- **REQUIRED ACTION**
Within the listing below, give again exactly the lines between the one containing "First is Small, second" and the one containing "So let's go", inclusive, pictures left aside.

- **RECORDS FOR THIS TASK**
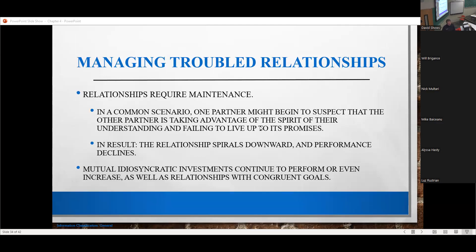The important thing to understand is that relationships require maintenance. If you suspect one partner is taking advantage of another, or you're failing to live up to your promises, you can have a downward spiral. One of the things you can do to manage a troubled relationship is what are called mutual idiosyncratic investments — a unique, specialized investment that can't be readily used in some other location. You're essentially throwing money into a deep hole, but those are extremely important for being able to manage relationships.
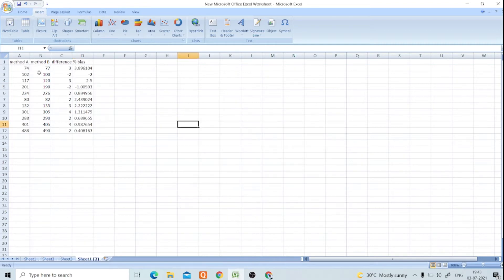So we have this result method - suppose this is the result of glucose with method A and this is the result of glucose with method B, and this is the percentage bias.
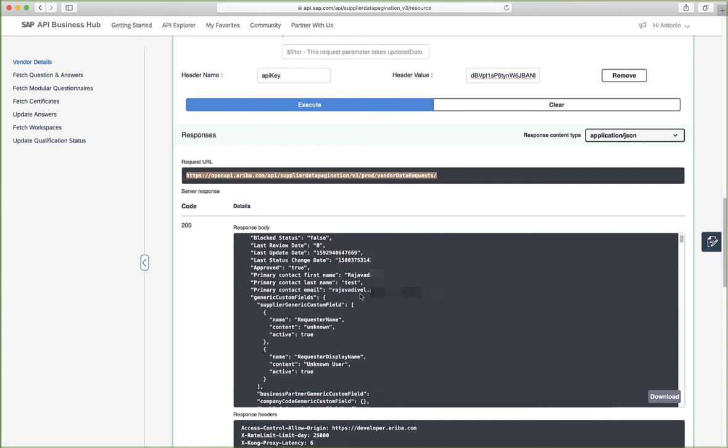So what happens is that the API business hub will authenticate using our application details. Then it uses the access token to retrieve the data from the realm.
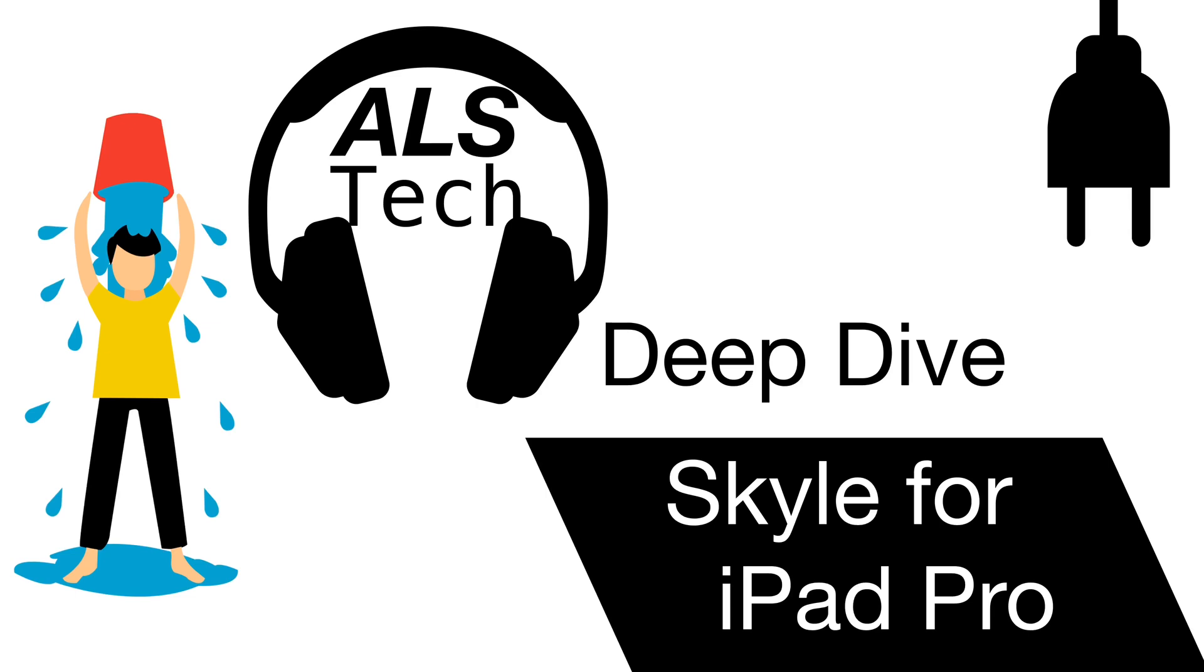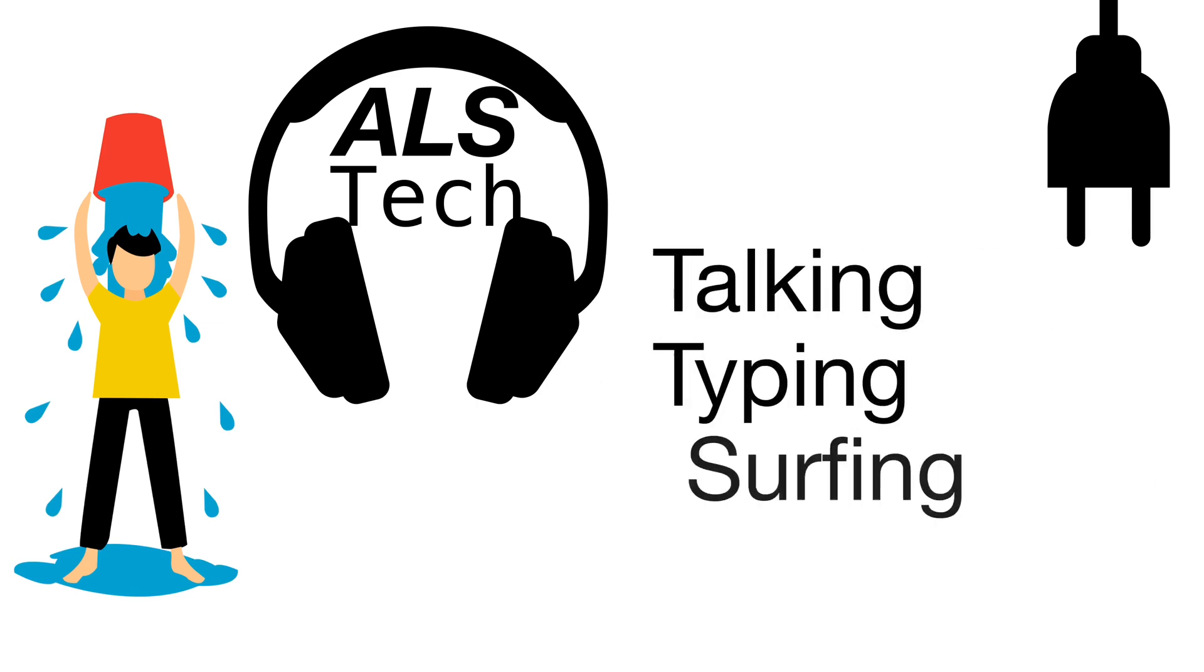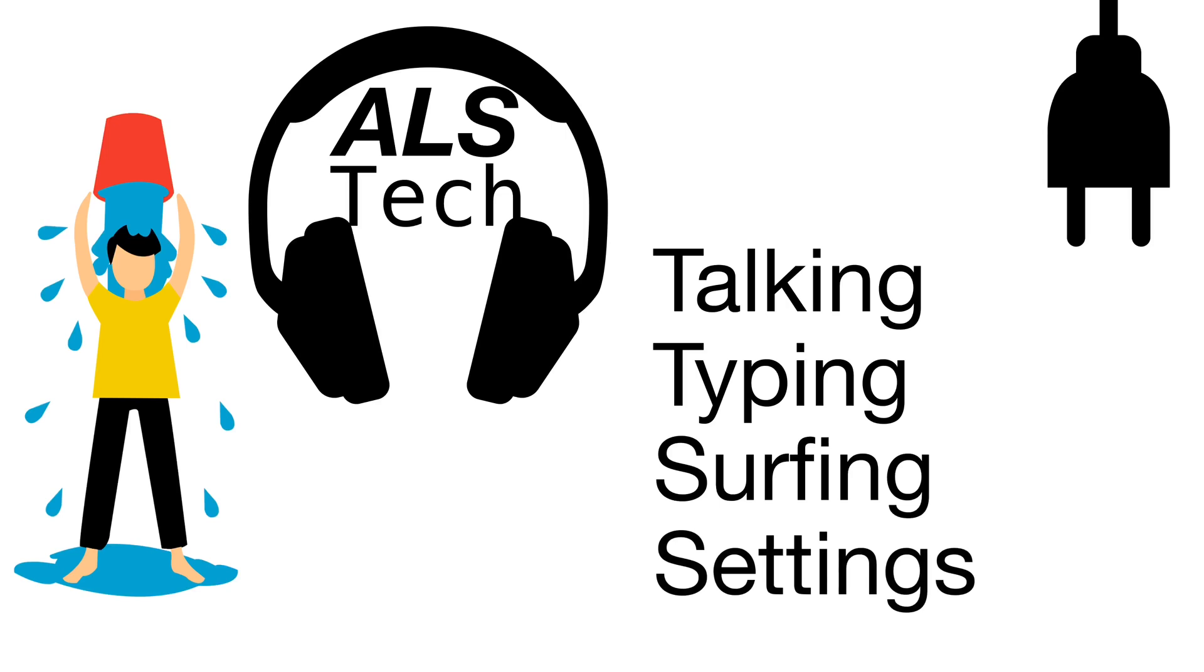Based on comments from my initial review of the Skyle, I am going to take a closer look at talking, typing, surfing the web, and settings that make the Skyle easier to use.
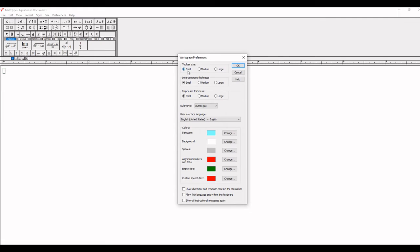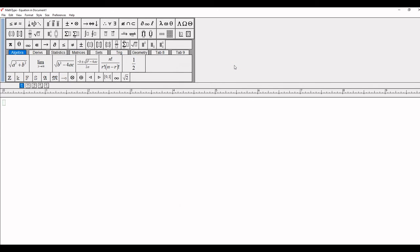First is Small, second is Medium, and third is Large. You can adjust according to your choice. I'll click here on Large and then OK.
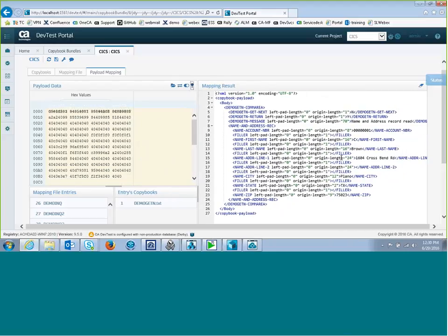And that is the new payload mapping feature in the DevTest console or DevTest portal.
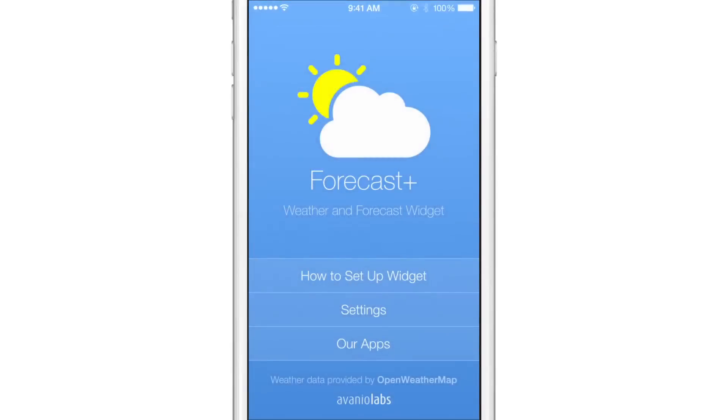If I tap on it, that will launch forecast plus or whatever other widget I have there, if it's interactive.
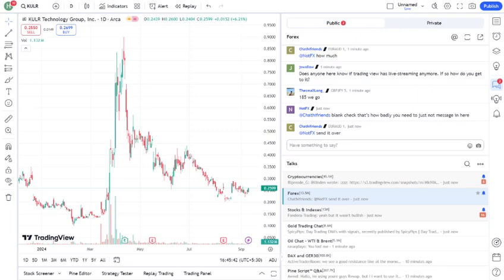Should you buy, hold, or sell KULR? Here's what I think. Buy: if you believe in the long-term potential of advanced thermal management and are willing to weather some short-term volatility, KULR could be a strong addition to your portfolio.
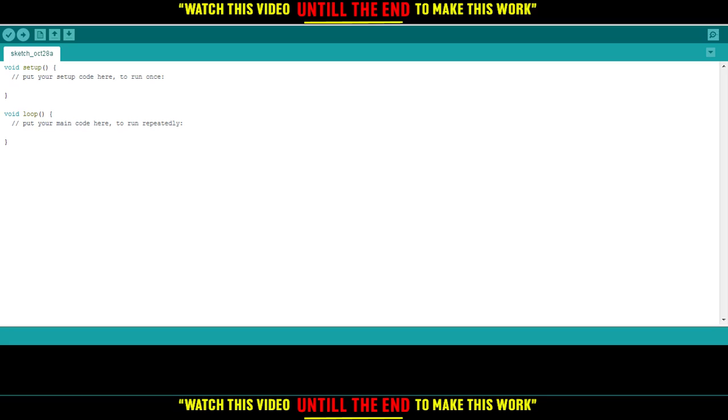So let's go back to the main idea of the video, which is how to install a library on Arduino. All you need to do is click on Sketch right here, then click on Include Library, then click on Manage Libraries.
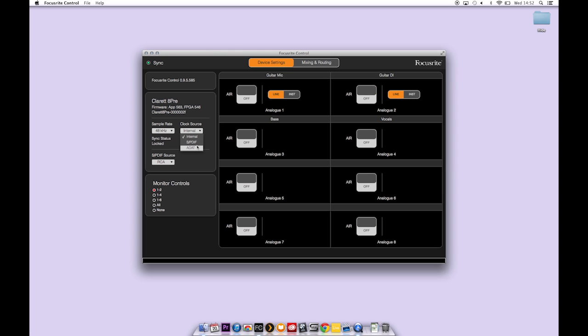If you have a piece of equipment connected to either the ADAT or SPDIF inputs you should change your clock source to the relevant setting. If everything's clocked together correctly the sync status will display locked.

- **SOLUTION**
First is Small, second is Medium, and third is Large. You can adjust according to your choice. I'll click here on Large and then OK.
And that is the new payload mapping feature in the DevTest console or DevTest portal.
If I tap on it, that will launch forecast plus or whatever other widget I have there, if it's interactive.
Should you buy, hold, or sell KULR? Here's what I think. Buy: if you believe in the long-term potential of advanced thermal management and are willing to weather some short-term volatility, KULR could be a strong addition to your portfolio.
So let's go back to the main idea of the video, which is how to install a library on Arduino. All you need to do is click on Sketch right here, then click on Include Library, then click on Manage Libraries.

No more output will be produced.